子猫は「ライム」というかわいい名を付けてもらいました。ダムの三毛猫は、ユズにミカンといったふうに、みな柑橘系の名前をもらうのです。
ライムちゃんは、好奇心に満ちた薄緑色の目をした、こんな美少女に育ちました。
ちょろちょろっとカフェの外に出てみては、風の音にビビったり。薪を倒してびっくりして逃げ帰ってきたり。そうやって少しずつ少しずつ、冒険の世界を広げていきます。
前庭まで冒険に出かけた時は、ひなたぼっこしていたやさしいララじいさんが「ひとりでここまでよく来たね」と頭を舐めてくれました。ユズおばさんも、目を細めています。
ここでは子猫は、猫たちみんなの宝物。
おおらかに見守り、出会ったら舐めてやります。やさしい先輩猫のマネをすることで、子猫は猫の世界の社会性を自然に身につけていくのです。
お外での冒険を終えたライムちゃんがカフェの店内に戻ってきました。
里山は、都会より秋の深まりが早いので、ストーブにはもう薪が燃えています。
イスの上に大好きなさっちゃんを見つけたライムちゃん。そっと背中に甘えます。
今度は前に回って、背中をくっつけて寄り添います。さっちゃんは、ライムちゃんをいとおしそうに毛づくろい。
思うようには動かない舌で、ていねいにペロペロペロ。
店内にある音は、ときどきはぜる薪だけ。耳を澄ませば、さっちゃんを枕にうとうとし始めたライムちゃんの「ゴロゴロゴロゴロ」が聞こえてくるのでした。
ダムの子になって4か月。日に日にオテンバ娘になっていくライムちゃん。
机の上や棚の上によじ登るのも、上手になりました。
でも、高い棚によじ登るのに挑戦してうまくできても、下を見たら、怖くて降りられそうもないことも。
そんな時、ライムちゃんは、高い声で助けを呼びます。
「ママぁ」
「サチママぁ」
「ハッピーママぁ」
さっちゃんも、ハッピーも、そんなライムちゃんを助けることはできません。ハラハラするばかり。
カフェのキッチンにいた麻里子ママが、ライムちゃんの声を聞きつけ、棚から下ろしてくれました。
さっちゃんやらライムやら、気を配りつつ働く麻里子ママは、大変。でも、麻里子ママは、いつも笑顔。
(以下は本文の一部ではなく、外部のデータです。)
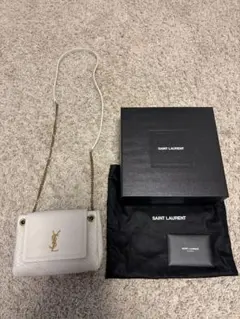 【人気アイテム】YSL　イブサンローラン　ミニバッグ　ショルダーバッグ　クロコ型 未使用 サンローラン カサンドラ ミニ トップハンドル クロコ型押し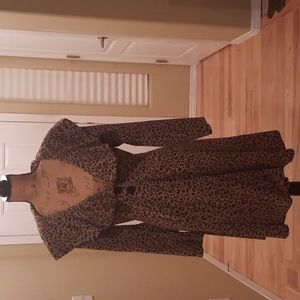 Ladies Coat Dress Black and Taupe Print. 2 Large Buttons in front. 2 side pocket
「どの子も、ここに持ちこまれたのは縁だったと思うの。かわいがってくださるお客様も多いし。そのかわり、私はかなり、放任主義よ」
長平パパも、言います。
「ここには、広い里山があるからね。行き場のない子に巡りあったら、少々多くても迎えてやりたい」
二人の懐もまた、里山に負けないほど自然体で広いのです。
写真と文:佐竹茉莉子
※犬猫たちの顔ぶれは、本書発行の2017年当時のものです。カフェは現在休業中。